Imagino que hay diferentes estados contemplativos.
Desde el más bajo: darle vueltas a una idea, y dejar que se vaya de la cabeza tan rápido como llego, sin prestarle mayor atención, hasta ese modo trascendental de preguntarse que significa la vida, qué carajos hacemos aquí y demás preguntas sin respuesta de ese estilo.
Supongo, también, que cada persona tiene sus propios niveles de contemplación, y que estos se disparan de acuerdo con las actividades que se realizan a lo largo del día.
Uno de los míos, por ejemplo, lo llamo: “La contemplación de la vida al desayuno”, y es que el desayuno en sí, es decir, todo su ritual de preparación; encierra, creo, algo Zen, y por eso es una de las comidas del día que más se disfruta.

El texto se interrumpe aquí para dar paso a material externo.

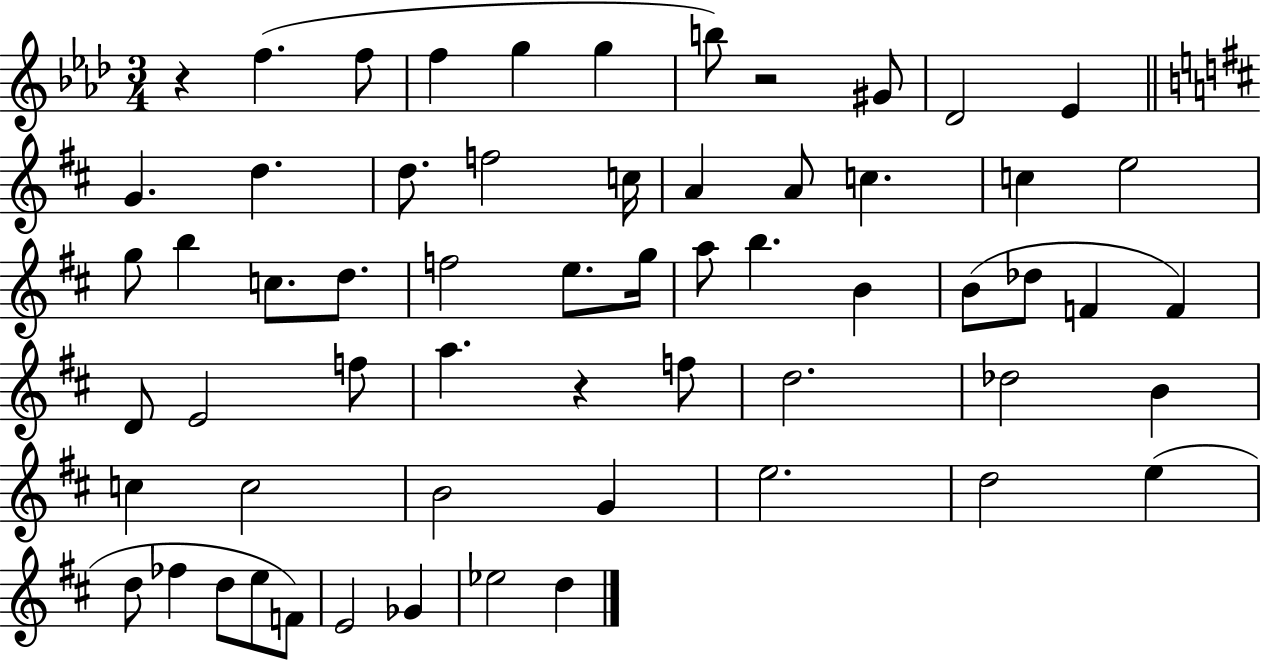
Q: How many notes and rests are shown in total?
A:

Después de ducharme y vestirme, voy a la cocina a preparármelo, y cuando está listo, me siento con la taza humeante de la bebida caliente, en el comedor, mirando hacia la ventana de la sala que da hacia un edificio de parqueaderos.
Lo sé, no es una vista nada romántica, pero de alguna forma se las ingeniaron para sembrar una hilera de arboles en el parqueadero, y uno de ellos queda justo a la vista, cada vez que levanto la cabeza después de darle un sorbo a la bebida.
La Mayoría de veces que me siento me quedo contemplando el árbol, como sus ramas se mecen con el viento, mientras diferentes temas van llegando a mi mente.
Lo bueno es que no me pongo trascendental, sino que los mastico un poco, me hago un par de preguntas sobre ellos, y luego me los paso con un sorbo de café o té y ya está.